BANYUMAS, MyInfo.ID – Makam Sutrimo (42), mantan Kepala Rumah Tangga (Karumga) di kediaman mantan Jampidsus Febrie Adriansyah, mendapat penjagaan polisi selama 24 jam menjelang proses ekshumasi. Makam Sutrimo yang berada di Desa Wlahar, Kecamatan Wangon, Kabupaten Banyumas, Jawa Tengah, juga ditetapkan berstatus quo.
Ekshumasi dijadwalkan berlangsung pada Rabu (12/8/2026). Penggalian kembali makam tersebut menjadi salah satu langkah penyidik untuk mendapatkan informasi forensik terkait kematian Sutrimo.

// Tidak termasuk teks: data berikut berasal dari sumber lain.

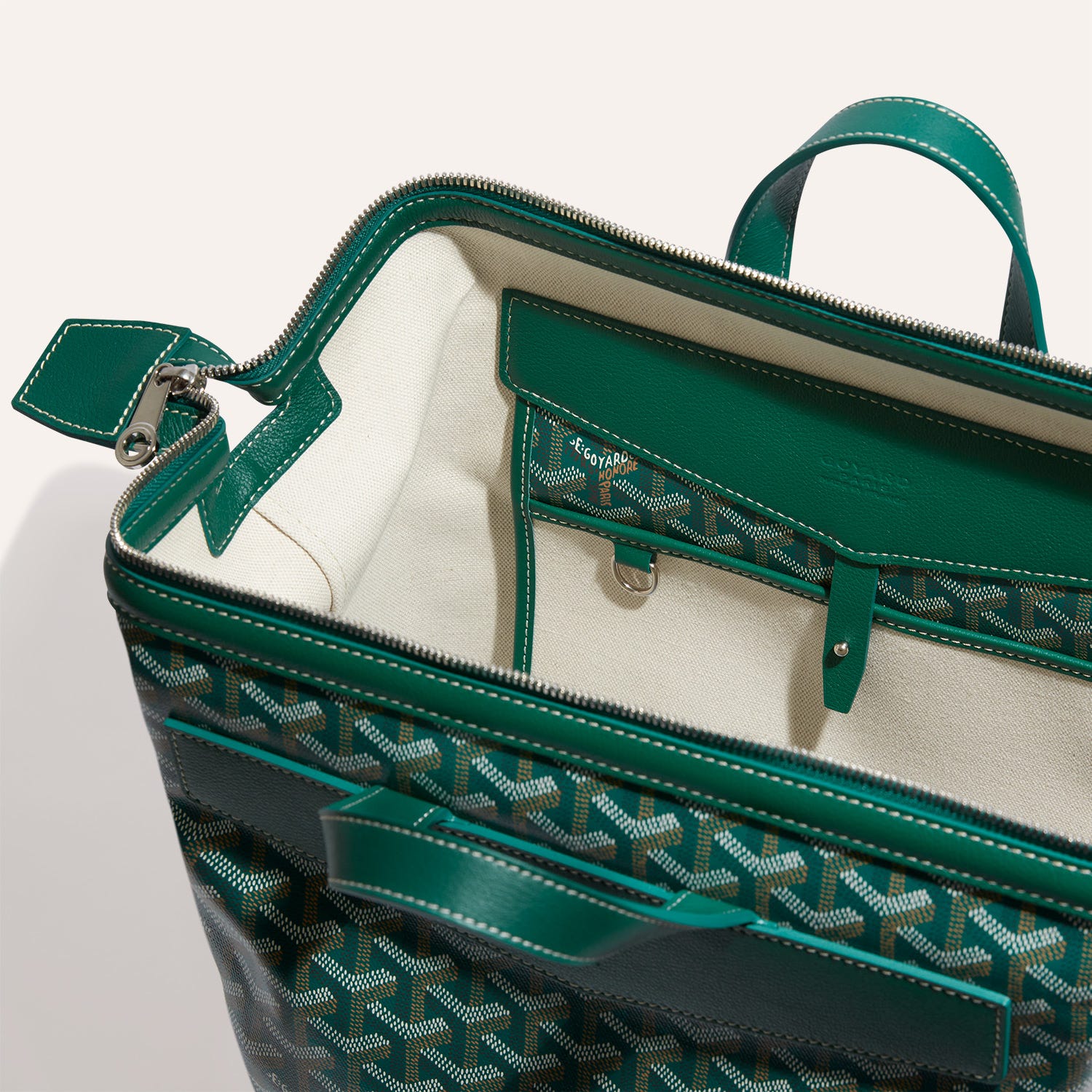 Cisalpin Backpack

Polisi menempatkan makam dalam status quo karena jenazah Sutrimo kini menjadi barang bukti dalam perkara yang sedang disidik. Penjagaan dilakukan untuk memastikan kondisi jenazah dan makam tetap terjaga hingga proses ekshumasi serta autopsi dilaksanakan.
Kapolresta Banyumas Kombes Petrus Silalahi membenarkan adanya pengamanan di makam Sutrimo. Menurut dia, penjagaan dilakukan karena jenazah yang berada di dalam makam merupakan bagian dari barang bukti penyidikan.

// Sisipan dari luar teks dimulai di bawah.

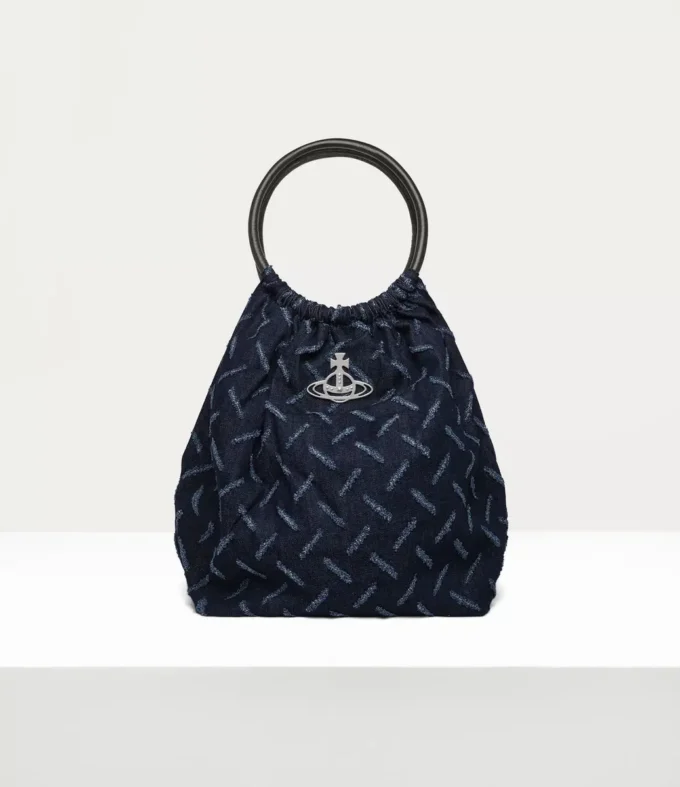 Molly Büyük Omuz Çantası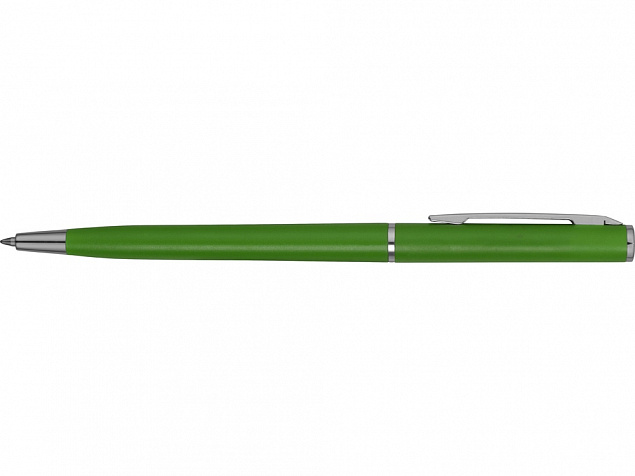 Ручка пластиковая шариковая «Наварра» с логотипом в Астрахани заказать по выгодной цене в кибермаркете AvroraStore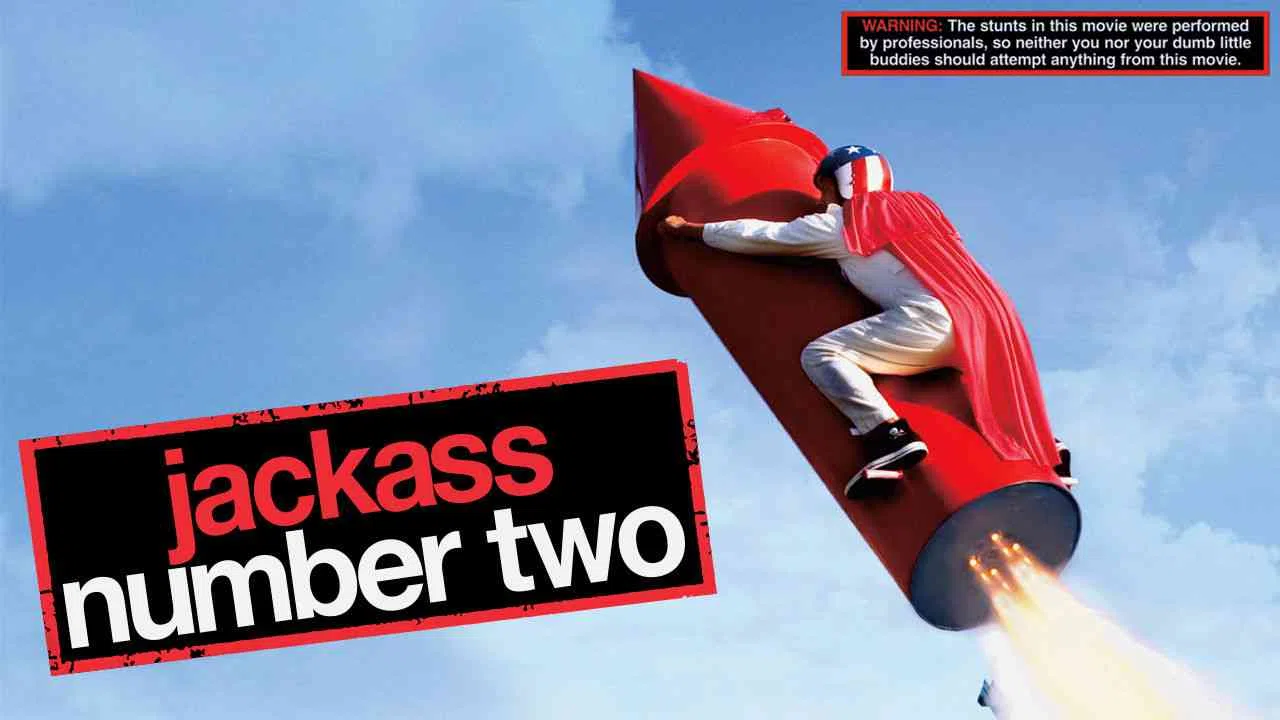 Jackass: Number Two2006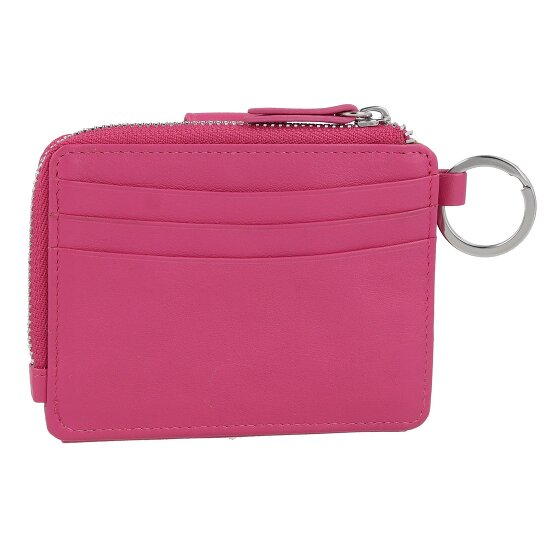 Braun Büffel Joy Kredietkaart etui RFID-bescherming Leer 11 cm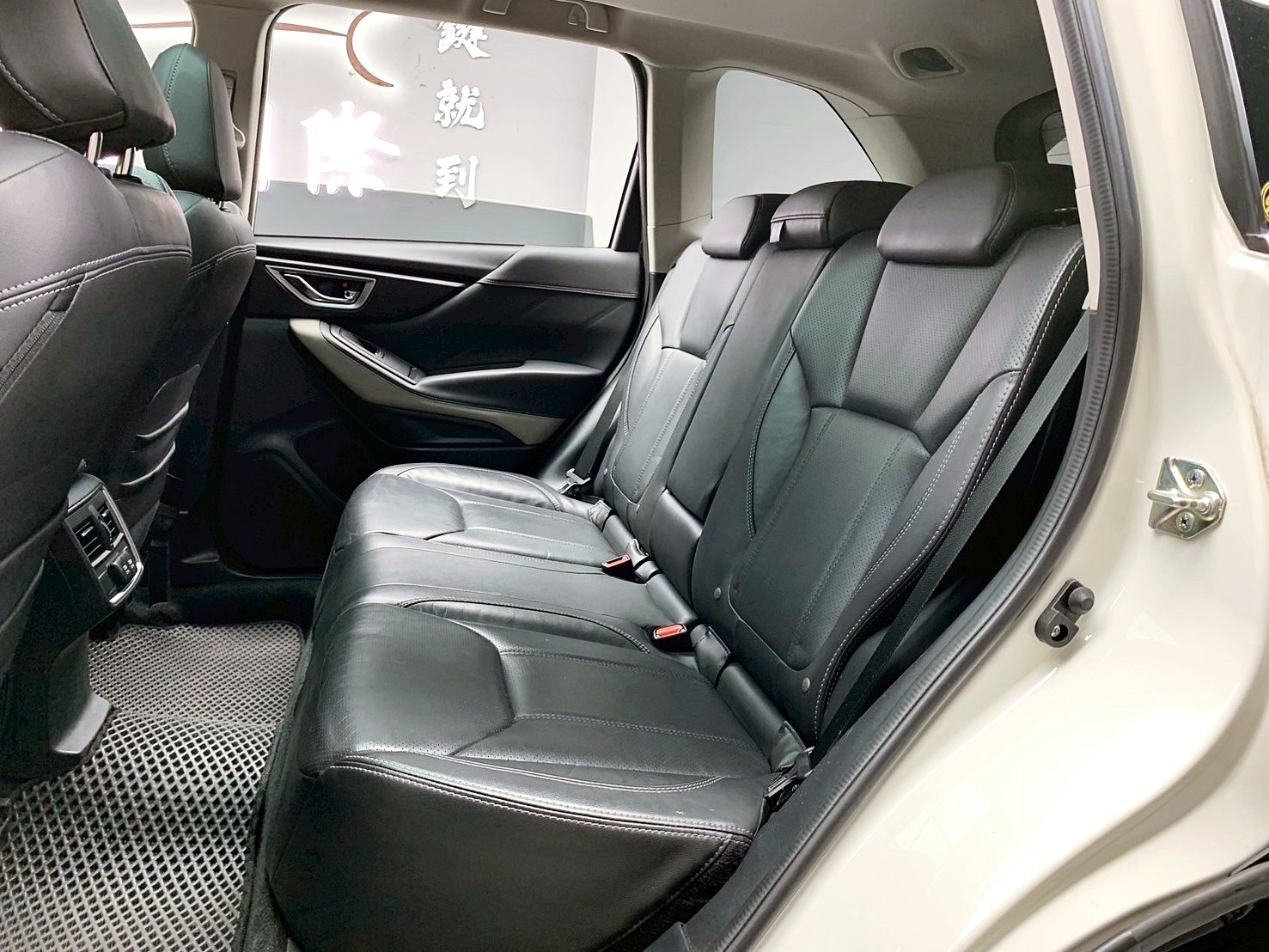 全台到府賞車 2022 Subaru Forester i-S EyeSight『小李經理』元禾國際車業/中古車/促銷中  第13張相片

“Teknisnya, yang penting kita menyampaikan bahwasannya makamnya kita jaga. Bagian yang akan diekshumasi itu adalah jenazah. Jenazah itu merupakan barang bukti,” kata Petrus saat dihubungi wartawan melalui telepon, Selasa (11/8/2026).
Status quo diberlakukan untuk menjaga agar tidak terjadi perubahan terhadap kondisi barang bukti sebelum penyidik melakukan pemeriksaan lebih lanjut.
“Barang bukti itu kemudian kita status quo, status quo dengan cara kita jaga 24 jam,” ujarnya.
Petrus tidak menjelaskan secara rinci jumlah anggota yang ditugaskan menjaga makam. Ia hanya memastikan personel ditempatkan untuk mengawasi lokasi sepanjang waktu hingga proses ekshumasi dilakukan.
Penetapan status quo terhadap makam Sutrimo bukan berarti keluarga maupun masyarakat dilarang datang untuk berziarah. Polisi tetap memberikan ruang bagi keluarga atau warga yang hendak mendatangi makam.